The increasing focus on skills, attitudes, and competencies such as digital competence is also reflected in educational reforms, policies, and frameworks (European Commission, 2007; Ferrari, 2012, 2013). For example, in the latest Norwegian educational reform, the “Knowledge Promotion” (Ministry of Education and Research, 2006), digital competence has become the fifth basic skill together with reading, writing, arithmetic and oral skills. However, the research literature suggests that among in-service teachers, teacher educators, and student teachers there “seems to be a gap between technical knowledge and knowledge on how to employ technology in a learning context” (Haugerud, 2011, p. 227). Krumsvik (2007, 2008, 2011a, 2014) and Erstad (2010a), underline the positive effect this competence has for students’ subject matter knowledge, and computer skills, abilities, and understanding. For example, a recent study conducted by Krumsvik et al., (2013) involving 17529 students and 2524 teachers in Norwegian secondary schools, found strong correlations between teachers’ digital competence and students’ subject learning outcome. The study underlines the importance of the teacher as a digitally competent role-model for students’ subject learning and use of ICT, and indicates that this competence development needs to start with student teachers during their teacher education. Assuming that digitally competent teachers have an positive effect on students’ subject learning and use of ICT in schools, teacher education programs and student teachers are a “natural place to start with respect to integrating technology into education” (Kay, 2006, p. 384), and need to critically reflect on how they structure and facilitate their approaches and strategies for this integration.

Methodology

This review follows a literature review method (Hart, 1998; Jesson et al., 2011), and covers online peer-reviewed studies of student teachers’ ICT-training through teacher education published between 2000 and 2013. The studies for the review were collected, analyzed, and synthesized according to Creswell’s (2012) five step procedure where he recommends to: “1) identify key terms to use in your search; 2) locate literature about a topic by consulting several types of material and databases; 3) critically evaluate and select the literature; 4) organize the literature; and 5) write a literature review” (Creswell, 2012, p. 81). The design of this review was guided by Boote and Beile’s (2005) and Maxwell’s (2006) analytical and conceptual framework for analyzing literature reviews in doctoral dissertations.

Data Collection

Four search terms were identified by consulting key literature in the field of technology use in teacher education and through recommendations from expert researchers (Janssen et al., 2013). The following keywords were used in the process: “digital competence + teacher”, “digital literacy + teacher”, “computer literacy + teacher”, and “media literacy + teacher”. Two important databases within the area of education, technology, and social science research, ERIC and ISI Web of Science, were used for the search, while others databases such as PubMed and PsychInfo were excluded because of overlapping results or lack of hits. A manual search or “hand-searching” (Chapman, Morgan, & Gartlehner, 2010, p. 23) was conducted in three previous reviews by Kay (2006), Enochsson and Rizza (2009), and Tondeur et al. (2012) in order to locate relevant studies missing in the database searches.

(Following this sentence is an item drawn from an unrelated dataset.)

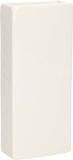 Gerimport Waterverdamper - wit - keramiek - 400 ml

Studies identified through the database and manual searches needed to meet a set of relevant inclusion criteria (Table 1) to be included in the review. For example, the studies had to be peer-reviewed, empirical studies of student teachers and ICT-training in teacher education published in online journals, and written in English, Norwegian, Swedish, or Danish. Thus, “grey literature” (Savin-Baden & Major, 2013, p. 118) including book chapters, dissertations, short papers, magazine articles, government- and research reports, and conference proceedings were excluded. Moreover, the search was limited to student teachers, pre-service teachers, prospective teachers, and teacher trainees qualifying to teach in secondary school as recommended by Kay (2006). Therefore, the included studies in this review focused on student teachers qualified to teach from lower-secondary school (from 8th to 10th grade, Middle school) up to upper-secondary school (from 11th to 13th grade, High school). Hence, studies with a main focus on ICT-training in teacher education with student teachers qualifying to teach other grades such as primary, elementary, kindergarten, preschool, and special education were excluded as well as studies with a main focus on ICT training with pupils, general university and college students, faculty, teacher educators, mentors or in-service teachers. Studies which only surveyed student teachers’ perceived ICT skills, competencies, and self-efficacy without being empirically related to ICT-training in teacher education were excluded, because they did not properly describe the technology training in the research context. In addition, studies and short papers lacking fundamental information on methodological framework, study design, and empirical material (e.g. not reporting sample size) as well as articles with irrelevant focus, such as descriptive texts of programs, models, and software were also excluded from the review. Studies that did not provide details about the level that the student teachers were qualified to teach were also excluded from the review. However, studies with samples that had mixed qualifying teaching levels of student teachers (primary and secondary), and mixed sample populations (primary and-, secondary student teachers-, and in-service teachers) were included, because a significant number of the studies had such mixed sample populations.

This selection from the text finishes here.